Instructions for the task: Starting with the line containing "Tai Chi Clothing" and going on through the line containing "SALWR2RV0JA813126 2018 Land", return the lines of the data below exactly, and only those.

Web page caption snippets:
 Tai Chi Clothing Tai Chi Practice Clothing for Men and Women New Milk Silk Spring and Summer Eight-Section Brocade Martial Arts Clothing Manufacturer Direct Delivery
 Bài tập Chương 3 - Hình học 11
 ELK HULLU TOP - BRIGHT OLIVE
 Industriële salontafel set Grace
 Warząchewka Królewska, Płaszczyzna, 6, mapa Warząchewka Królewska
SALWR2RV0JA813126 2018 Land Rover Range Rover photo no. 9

* * *

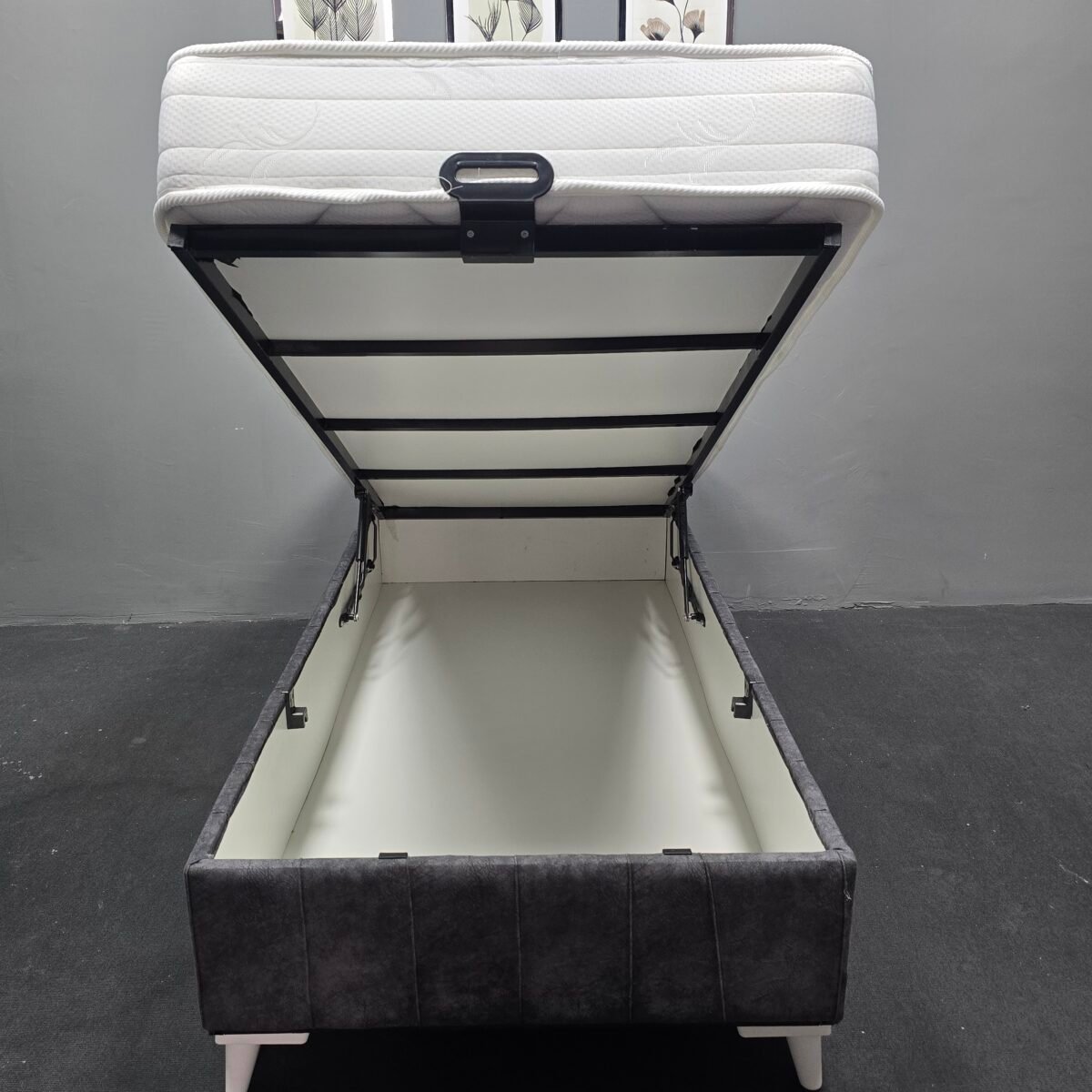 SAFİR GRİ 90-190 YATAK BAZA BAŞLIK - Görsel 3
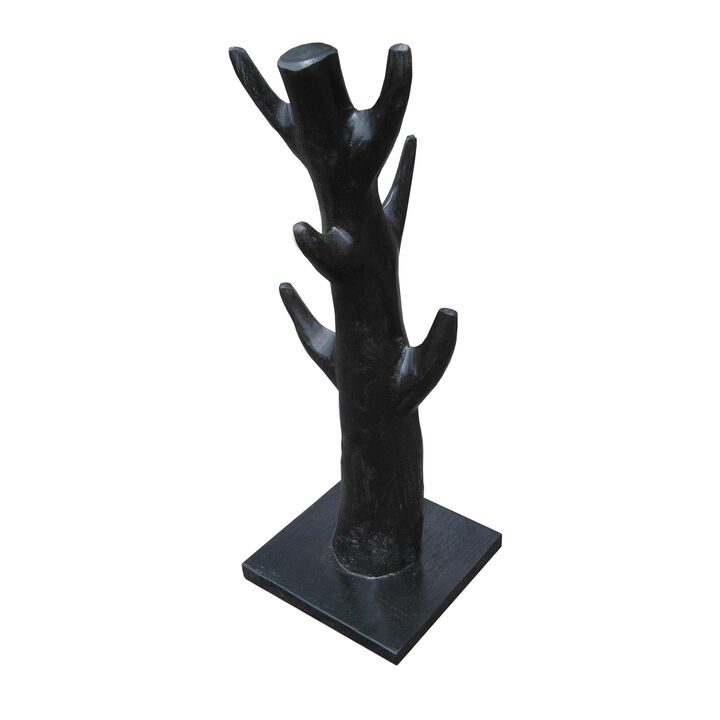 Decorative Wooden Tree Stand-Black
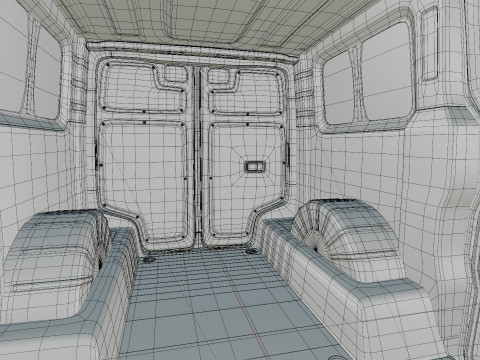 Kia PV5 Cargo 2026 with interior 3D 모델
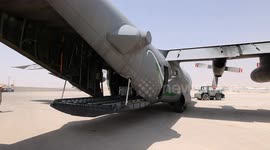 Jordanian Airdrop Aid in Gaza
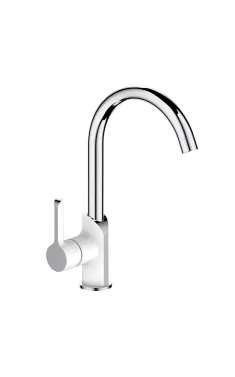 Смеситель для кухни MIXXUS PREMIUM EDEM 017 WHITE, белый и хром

Task response:
 Tai Chi Clothing Tai Chi Practice Clothing for Men and Women New Milk Silk Spring and Summer Eight-Section Brocade Martial Arts Clothing Manufacturer Direct Delivery
 Bài tập Chương 3 - Hình học 11
 ELK HULLU TOP - BRIGHT OLIVE
 Industriële salontafel set Grace
 Warząchewka Królewska, Płaszczyzna, 6, mapa Warząchewka Królewska
SALWR2RV0JA813126 2018 Land Rover Range Rover photo no. 9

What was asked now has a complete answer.